Oggi riportiamo il Report 52/1. Un complicato viaggio, in cui Don Gigi ci racconta l’inizio incredibile di un viaggio della durata di 23 giorni, già di per sé davvero impegnativo, ma iniziato in salita con 4 giorni di incubo e un viaggio aereo durato complessivamente trenta ore, con cinque fusi orari: Canada, Brasile, Colombia, Bolivia e Perù. Al risveglio a Munyapata, la parrocchia dei Bergamaschi in Bolivia, a 4.100 m.s.l.m. con -3 gradi si interrogo pacatamente. Come è riuscito a farsi rovinare le giornate a Bogotà da un paio di mutande? Come è possibile che la valigia e la biancheria perso gli abbia distrutto tre meravigliose giornate? Si dice che ha sbagliato e si è fatto infastidire da cose che non sono essenziali. Tutto il giorno preoccupato per la valigia, sfumando i bellissimi incontri per i quali quella valigia era stata preparata. Si ravvede e fa un serio proposito di vivere con più essenzialità il lungo viaggio che gli sta davanti con le sue sfide (che non mancheranno, come vedremo). Nel Report 52/2. Mauricio: il nuovo volto di speranza che segue, Don Gigi non parla più della sua bella valigia rossa persa e delle sue mutande, ma della meravigliosa storia di Mauricio, un tossicodipendente incontrato nella comunità terapeutica di Padre Giovanni, del centro di recupero a Silvania in Colombia, che la Fondazione Santina vuole aiutare il prossimo anno.

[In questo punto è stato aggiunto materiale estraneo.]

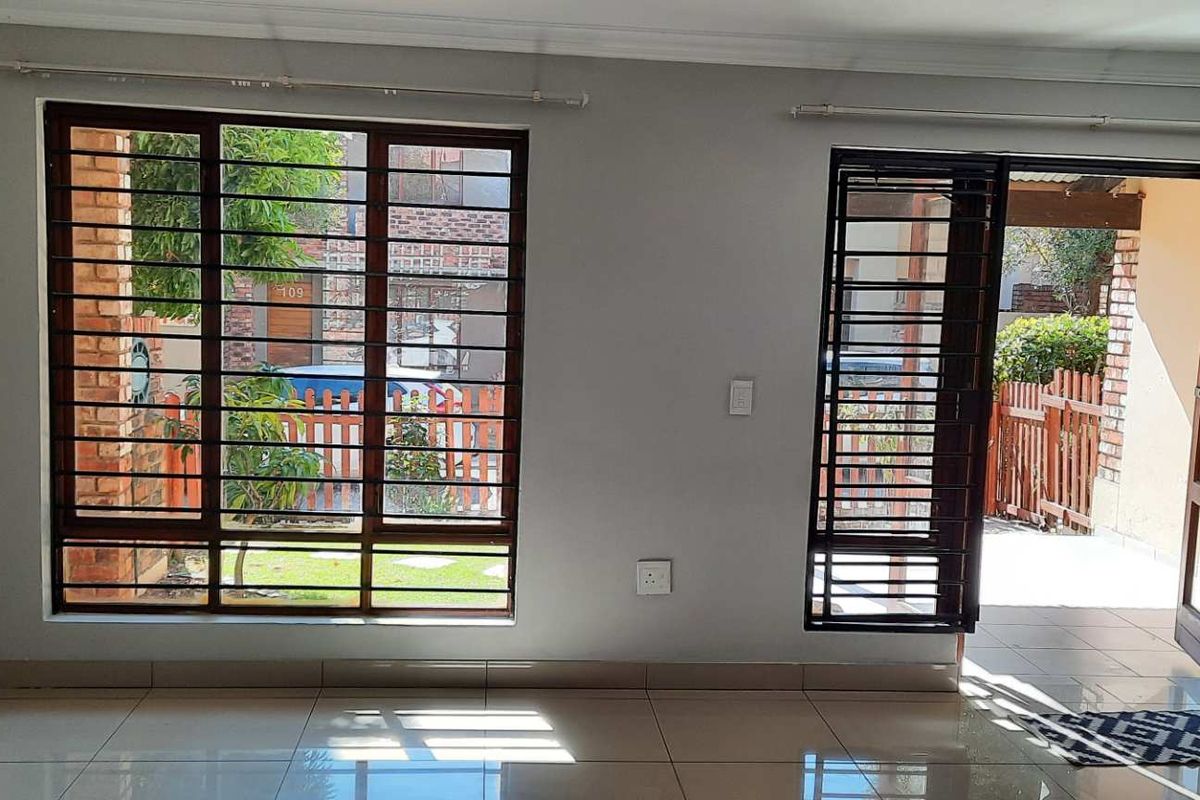 A bright, empty living area featuring tiled floors, large windows with security bars, and direct access to an outdoor patio space.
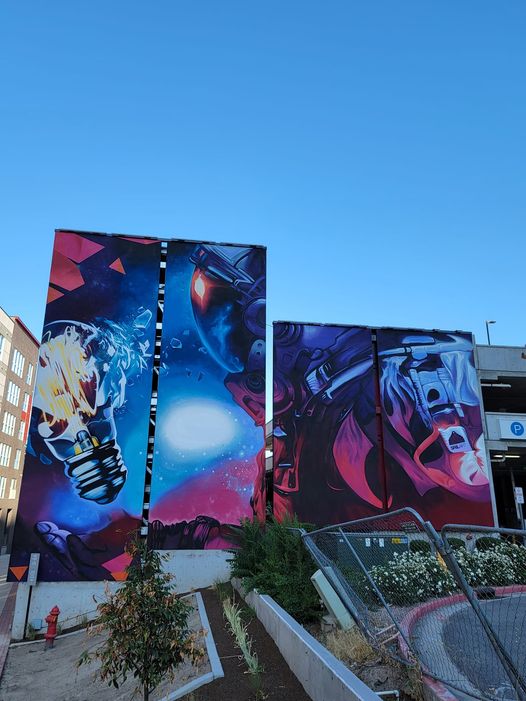SRIL ART painting massive astronaut mural at Paperbox Lofts Salt Lake City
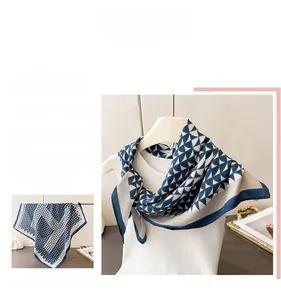 Detail of navy blue and beige triangle pattern scarf with silk texture and rolled edges
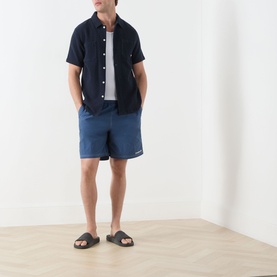 Model wearing Farah Vintage Edgar Logo Textured Swim Shorts in Soft Green, styled with a navy short-sleeve shirt, white tee, and dark slides.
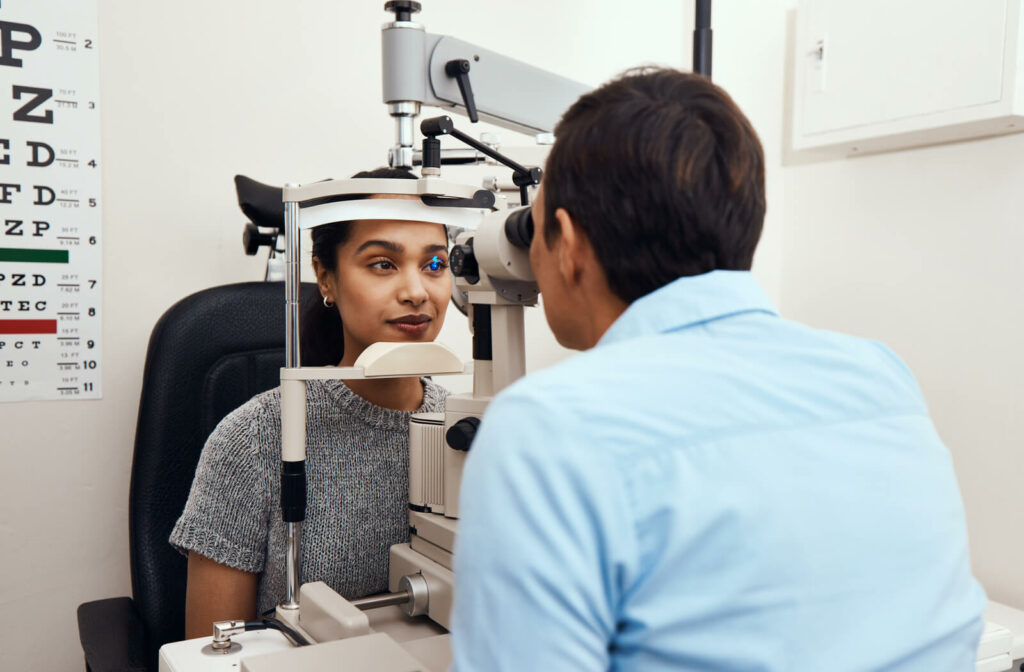 a woman has her eyes examined at the eye doctor with a slit lamp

Report 52/1. Un complicato viaggio

Sto scrivendo a fatica le prime righe nell’aereo fermo sulla pista a San Paolo in Brasile con destinazione Bogotà. Ti chiederai ma cosa c’entra il Brasile con la Colombia? Me lo chiedo anche io, in un incubo di viaggio che non credo essere ancora reale; un viaggio di andata inaspettatamente lungo, lunghissimo ed imprevisto totalmente. La testa è appannata e con fatica riesco a buttare giù alcune parole, ma ci provo. Il volo da Milano a Toronto inizia con due imprevisti: uno scalo a Montreal e un pazzesco ritardo di ben due ore, con una pessima compagnia aerea di nome Air Canada.

Dopo queste prime frasi, ora sto scrivendo da La Paz in Bolivia. Siamo all’inizio di un viaggio della durata di 23 giorni ed è davvero impegnativo. Non immaginavo che il viaggio iniziasse così in salita. Ma cerchiamo di ordinare le idee dopo 4 giorni di incubo, iniziato con un viaggio aereo durato complessivamente trenta ore, con cinque fusi orari: Canada, Brasile, Colombia, Bolivia e Perù.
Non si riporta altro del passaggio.